La muerte de su esposa en 1830 lo sumió en un duelo prolongado. Cinco años más tarde, a los 80, contrajo nuevas nupcias con Mélanie d'Hervilly, una joven pintora parisina que había viajado hasta Köthen para conocerlo. Juntos se establecieron en París, donde la popularidad de la homeopatía era ya considerable gracias a los triunfos frente al cólera de 1832. El gobierno francés le otorgó permiso especial para ejercer sin revalidar estudios; su consulta en la rue de Milan se convirtió en punto de peregrinación de aristócratas e intelectuales. Pacientes de la talla de la duquesa de Angulema y Frédéric Chopin desfilaron por su sala.
Pese al reconocimiento tardío, siguió siendo blanco de ataques. La Academia de Medicina denunció el método como "ilusión peligrosa" y varios periódicos satíricos lo caricaturizaron con frascos vacíos. Hahnemann contestaba con estadísticas, historias clínicas y su serenidad característica: "yo no impongo nada, solo observo y describo lo que la naturaleza me muestra". En 1841 publicó la sexta edición del «Organon», revisada en su totalidad, donde incluyó el concepto de dinamización cincuenta milésimal. No pudo verla impresa en vida; falleció el 2 de julio de 1843, mientras dormía, a los 88 años.

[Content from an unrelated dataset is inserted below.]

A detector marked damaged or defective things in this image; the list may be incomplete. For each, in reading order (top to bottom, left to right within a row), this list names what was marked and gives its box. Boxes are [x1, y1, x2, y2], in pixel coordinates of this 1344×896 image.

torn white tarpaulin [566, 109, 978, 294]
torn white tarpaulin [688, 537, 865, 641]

A su muerte, dejó 105 obras impresas, miles de páginas manuscritas y una escuela que, para 1850, contaba con más de cincuenta hospitales especializados y cátedras universitarias en Europa y América. Lo que empezó como el dilema moral de un joven médico frente al sufrimiento innecesario se transformó en sistema terapéutico global. Sus jornadas, plagadas de exilio interno, polémicas legales y triunfos clínicos, ilustran la fuerza de una convicción científica sostenida contra corriente. Quien se adentre ahora en la teoría miasmática comprenderá mejor su propósito si primero recorre el camino vital que llevó a Hahnemann a proponer que la curación reside en despertar, sin agresión, la potencia autocorrectiva del organismo.